TIFF 2015: Neon Bull
There’s a pleasantness to Gabriel Mascaro’s Neon Bull that’s surprising, given its aggressive environment. Mascaro focuses his film on workers for the Vaquejadas, a rodeo where two cowboys have to grab a bull by the tail and drag it to the ground. But instead of profiling one of the cowboys, Mascaro looks at a small family-like unit of workers behind the scenes: cowhands Iremar (Juliano Cazarre) and Ze (Carlos Pessoa), truck driver Galega (Maeve Jinkings) and her daughter Caca (Aline Santana). With little to no narrative, Neon Bull prefers to establish a beguiling and gently subversive tone through its unique characters.

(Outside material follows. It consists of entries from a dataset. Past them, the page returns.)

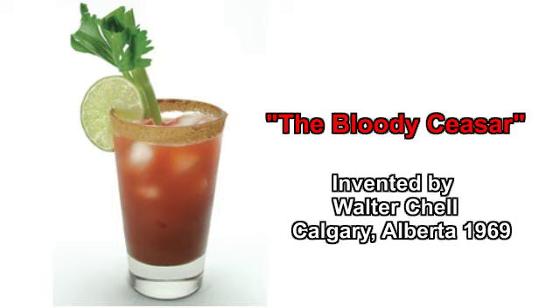Yes, the Bloody Caesar! I'm getting thirsty just thinking about it. I think I'll make some right now.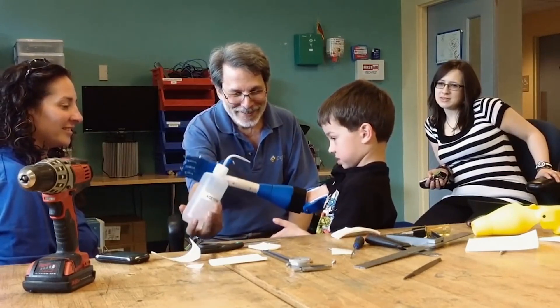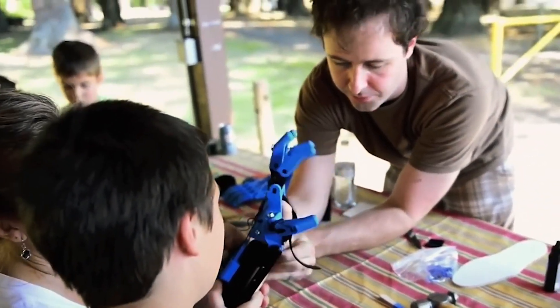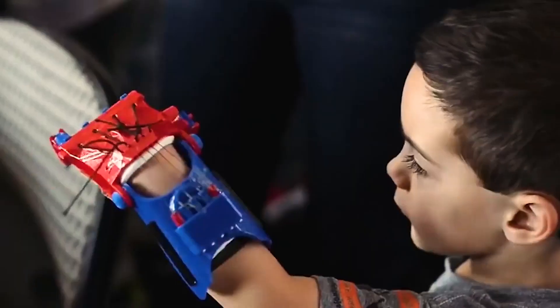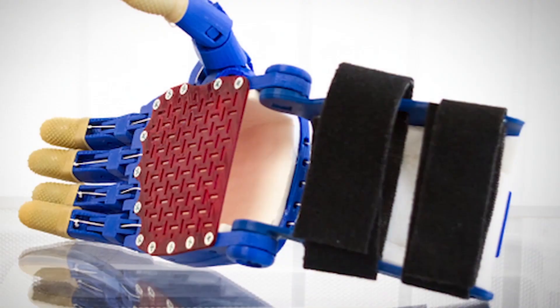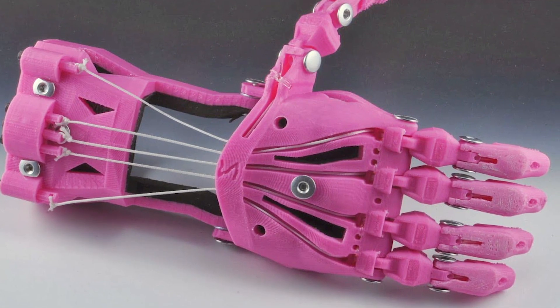ENABLE is a global network of volunteers using 3D printers and 3D technologies to make free, open source upper limb prosthetics — hands and arms — for children and for other amputees who currently are just doing without. We have tremendously creative and innovative volunteers that are constantly coming up with new designs that offer new capabilities.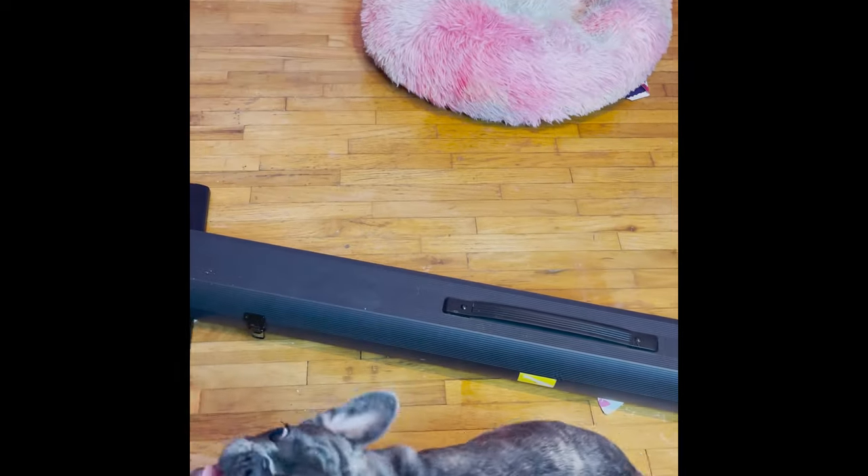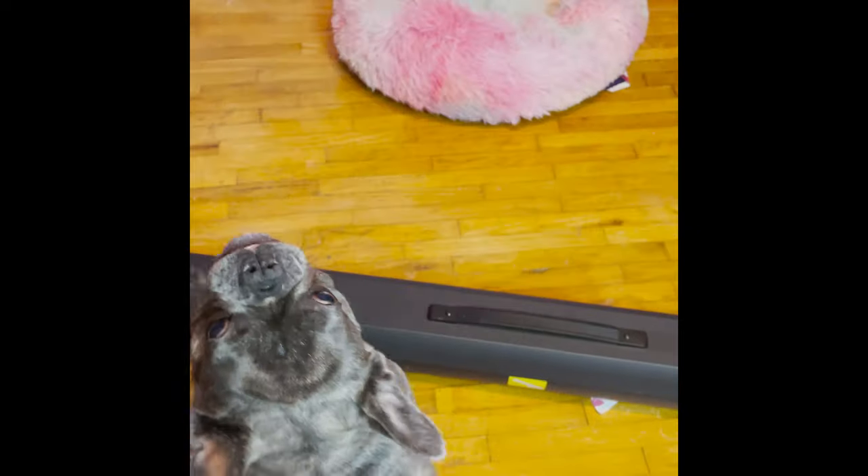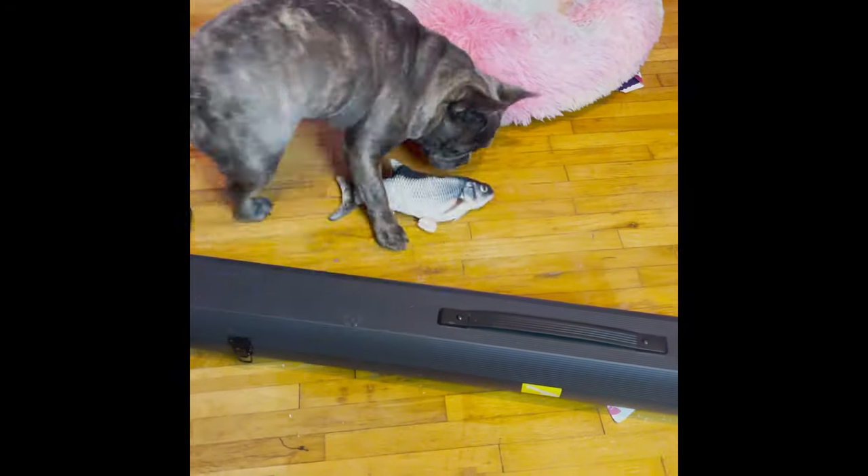This electric flopping fish is probably the weirdest toy I've ever purchased. Originally I bought it for my cat who was a senior and had little to no interest aside from smelling it.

Iremar, Galega and new cowhand Junior (Vinicius de Oliveira) provide the film’s subversive elements through either their own traits or their relationships with other characters (which, given the way Mascaro merely presents these elements as they are, makes them more fascinating than provocative). Iremar has a passion for designing clothes, using Galega as his model; Galega spends her nights performing exotic dances wearing hooves and a horse head; and the feminine-looking Junior (due to his long mane of hair) starts up a relationship with Galega that suggests underlying tension between Iremar and Galega. It may be difficult to parse out exactly what Mascaro wants to say with his film (and I wouldn’t be surprised if some of his ideas might have been lost in translation), but with director of photography Diego Garcia (who also lensed TIFF highlight Cemetery of Splendour) he creates a truly unique mood helped by unforgettable images: naked men showering together in a barn, Galega dancing in her horse costume under red lights, and Iremar rummaging through trash to look for mannequin parts. It’s a mood that combines the real, the surreal, and the banal, and merges them together to make a film that continues to inspire curiosity long after the credits roll.